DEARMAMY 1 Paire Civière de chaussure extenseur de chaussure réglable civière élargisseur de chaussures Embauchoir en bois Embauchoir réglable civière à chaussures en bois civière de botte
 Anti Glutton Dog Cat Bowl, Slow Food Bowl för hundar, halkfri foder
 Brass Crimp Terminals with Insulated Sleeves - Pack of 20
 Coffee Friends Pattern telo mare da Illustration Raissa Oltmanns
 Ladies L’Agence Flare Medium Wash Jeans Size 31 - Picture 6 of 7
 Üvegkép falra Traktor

++++

Work instructions - Return the lines above, from the one containing "Coffee Friends Pattern" to the end, exactly as they stand.

Task response -
 Coffee Friends Pattern telo mare da Illustration Raissa Oltmanns
 Ladies L’Agence Flare Medium Wash Jeans Size 31 - Picture 6 of 7
 Üvegkép falra Traktor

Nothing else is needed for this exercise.